第2章 希望を前に幸運はわらう【狛枝凪斗】
「どうやら、今回は私の勝ちみたいだね」
「…………」
「……?」
勝利を宣言されたにも関わらず、狛枝くんから何の返事も聞こえてこない。それを不思議に思い、先程と同じ言葉を口にしたけど結果は同じ。そのせいで焦燥感に駆られる。
(ど、どうして…何も言ってくれないの……?)
もしかして、声が出せない程悔しがっているのだろうか。それなら納得だけど、実際のところは分からない。
「……本当?」
「え?」
だから今度は狛枝くんの名前を呼ぼうとしたら、前からポツリと疑問が呟かれた。でも何の事を聞かれているのかよく分からず聞き返すと、「さっきのキミの言葉だよ」とまた同じトーンで呟かれる。
……さっきの言葉という事は、私の夢の話か。それなら本当なので素直に「うん」と答えると、少しの間の後"それ"は起こった。
「……っ!?」
突然、何の前触れもなく、何かが首元に触れる感触が伝わってきた。最初は虫かと思って身構えたけど違う。……この感触は手–––指だ。もしかして、狛枝くんの指だろうか。
(どうしてそんなところを……ま、まさか!)
私の首を絞めようとしているのではないだろうか。狛枝くんにとって、私は邪魔な存在だから。
「っ……」
その考えにたどり着いた瞬間一気に血の気が引き、急いで離れようと掴んでいた手を離すけど、すかさず手を掴まれグッと強く引き寄せられてしまった。そしてまた、首元に指が触れられる。
(嫌だ嫌だ!死にたくない死にたくない!)
心の中では死にたくないと叫べるのに、死への恐怖で喉がカラカラに乾いてしまったせいか、声に出してみんなに助けを乞う事が出来ない。身体だって先程まで動けていたのに、今ではただただ恐怖で震えるだけだ。
(助けて…輝々っ……!)
……………
(……あ、あれ……?)
お、おかしい。
いつまで経っても、一向に首を絞められる感触が伝わってこない。ただ撫でるように首元を触られる。

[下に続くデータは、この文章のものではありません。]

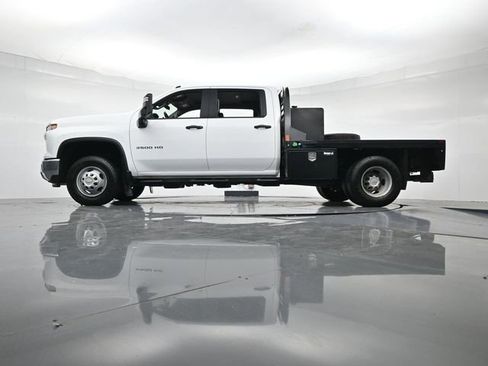 Used 2024 Chevrolet Silverado 3500 W/T image 36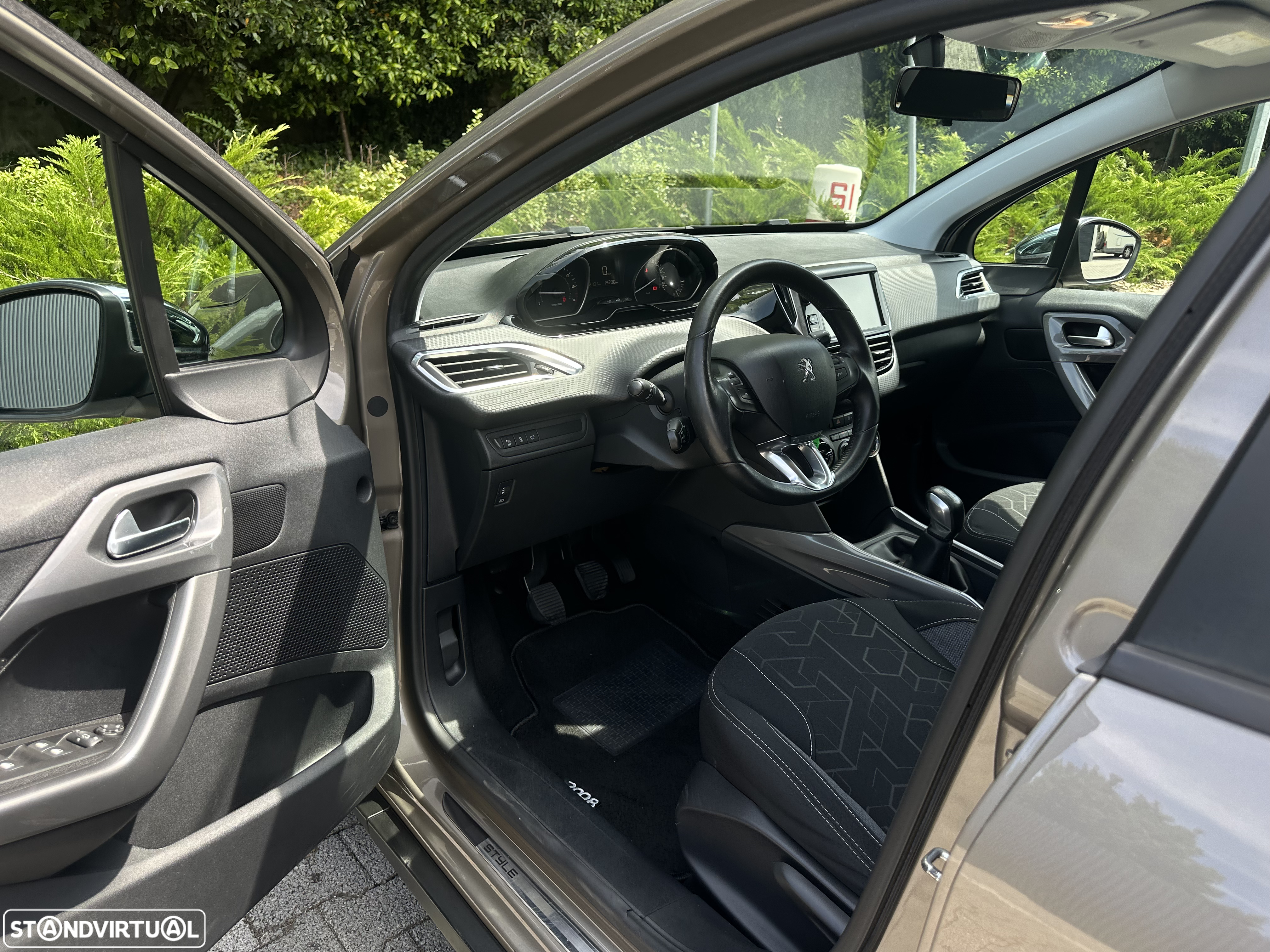 Peugeot 2008 PureTech 100 Style - 13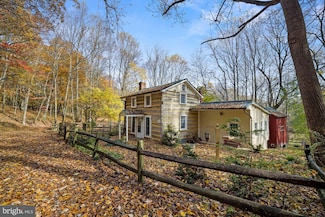 41788 Stumptown Rd, Leesburg, VA 20176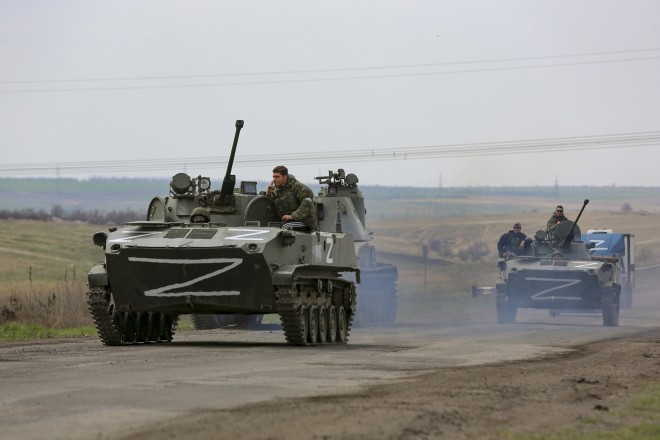 Ο πόλεμος συνεχίζεται στην Ουκρανία με τα τανκ να προελαύνουν στη χώρα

そのせいで今まで感じたことのない、ゾクゾクとした感覚が背筋に駆け巡った。
(な、なに……?)
よく分からない感覚に戸惑っている間にも、狛枝くんの指が首元から首筋、顎の下、顎……とゆっくり上がっていき、その指が唇で止まる。そして、まるで何かを確かめるように何度か優しく押された後、スルリと輪郭をなぞられた。